Lloyd Eseosa, a financial consultant, holds a different view. “To me, the problem is not individual ownership of the oil blocks, but monetization of the acreage. After all, some own the oil fields, and have gone ahead to establish a company that is mining the field. Alakija owns Famfa Oil, and pays taxes to the federal government. There are other indigenous companies like Britania-U, ConocoPhillips, etc. “The individuals owning oil blocks or acreage must have the financial muscle, technical skill to operate the blocks
“It’ll get more difficult in years ahead to run oil blocks with dwindling demand for fossil fuels,” Eseosa said. He said elsewhere in the world, individuals own oil fields. “But the difference is that these operators own companies that operate the oil blocks profitably, paying the necessary taxes to the government. He cited that some oil field owners in the country own companies – Famfa Oil, Conoil, Moni Pulo, among many others. “The oil sector regulator needs to be rejigged to look for profitability rather than political settlement,” he stressed.

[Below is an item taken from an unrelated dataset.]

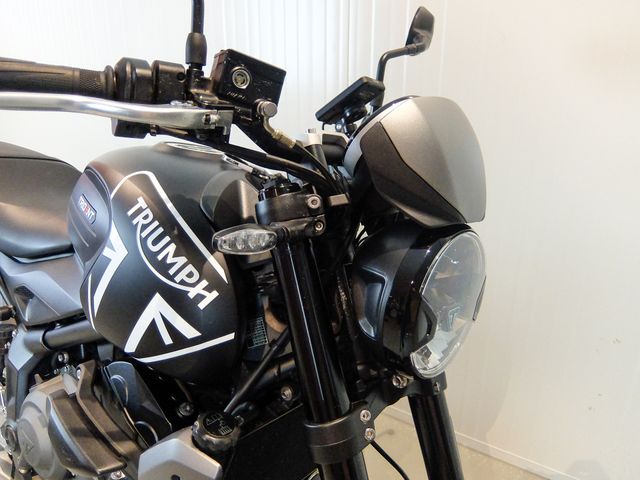 triumph - trident-660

However, Eseosa warned that as fossil fuel continues to lose its decades of appeal following the onset of globally approved energy transition to renewable energy, owners of the idle oil block would find themselves sitting on a useless asset.
But Sarki Auwalu, the incumbent director of DPR, said the agency generated N2 trillion in the 2020 oil bid round.
Poor indigenous output contribution
Notwithstanding the fact that Nigerians owned the larger share of the nation’s oil assets, their contributions to total production as revealed by the DPR is abysmally poor. According to data provided by the regulator, Nigerians are producing about 150,000 barrels of crude oil per day, representing just six percent of Nigeria’s total crude production; while foreign oil companies account for the bulk of 2.35 million bpd or 94 percent of total output.
Industry watchers blame the lackadaisical attitude of the Nigerian players towards the development of their blocks.
To be sure, the majority of the oil block owners have yet to commence any serious production activities on the oil blocks since they were awarded to them. “It appears that people just want to own oil blocks and put it on their complimentary cards. We are not happy with that. It is absurd that six percent of oil production is coming out of 90 leases,” decried one analyst.